YOUR ASSIGNMENT:
Only the lines from the one that contains "Building Photo - Lovely" to the last line below, both included, should be transcribed. Pictures stay out of the copy.
+--
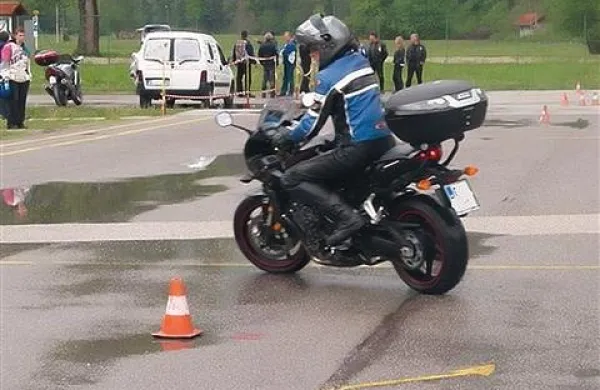 Tolminski policisti so skupaj s soorganizatorji na poligonu avtošole pripravili praktični del delavnice za motoriste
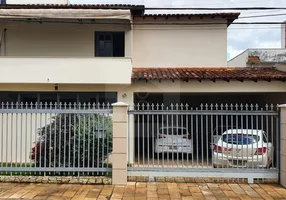 Foto 1 de Sobrado com 4 Quartos para alugar, 378m² em Lidice, Uberlândia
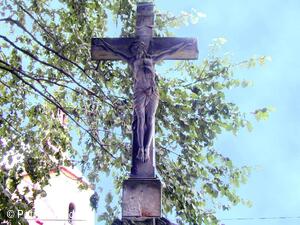 Kamenný kříž u kostela sv. Urbana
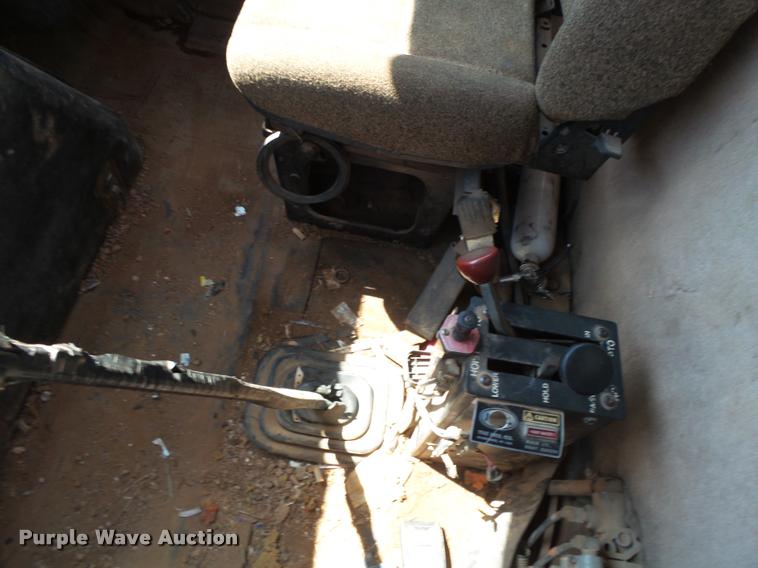 image for item DA2688 1988 International F8300 dump truck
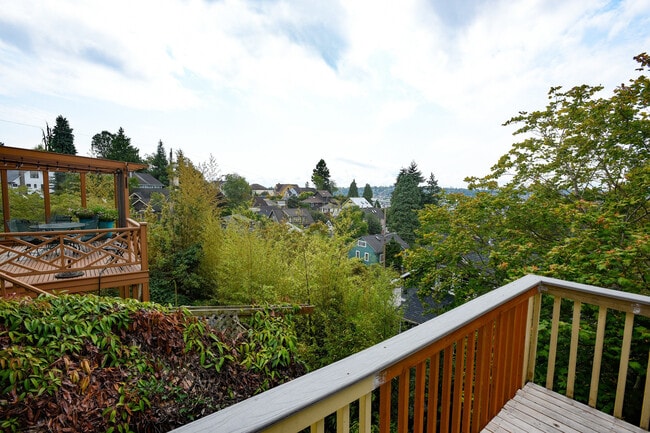 Building Photo - Lovely upper 2 floors of Large home in Phi...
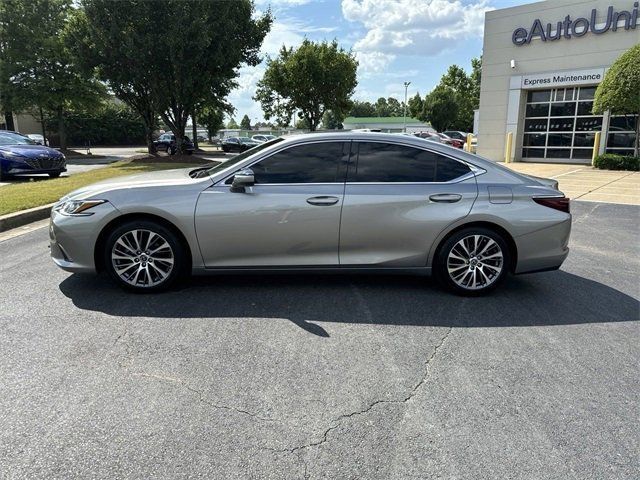 2019 Lexus ES 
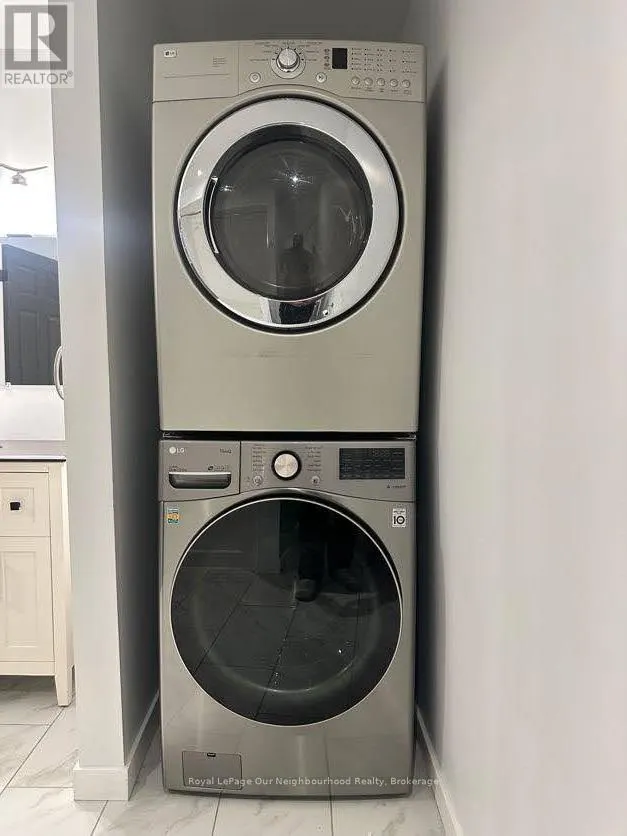 1 - 26 HARTSFIELD DRIVE, #1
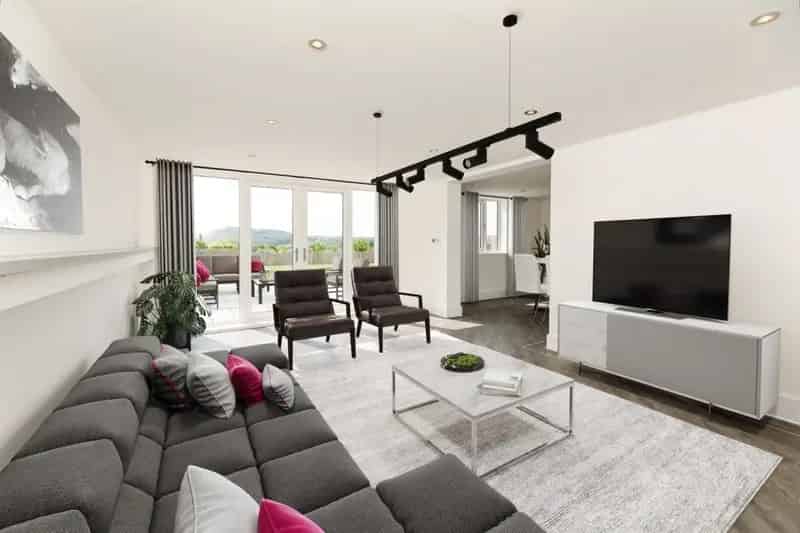 Elsecar Six-Bedroom Family Home with Cinema Room and Gym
+--
SOLUTION TO THIS TASK:
 Building Photo - Lovely upper 2 floors of Large home in Phi...
 2019 Lexus ES 
 1 - 26 HARTSFIELD DRIVE, #1
 Elsecar Six-Bedroom Family Home with Cinema Room and Gym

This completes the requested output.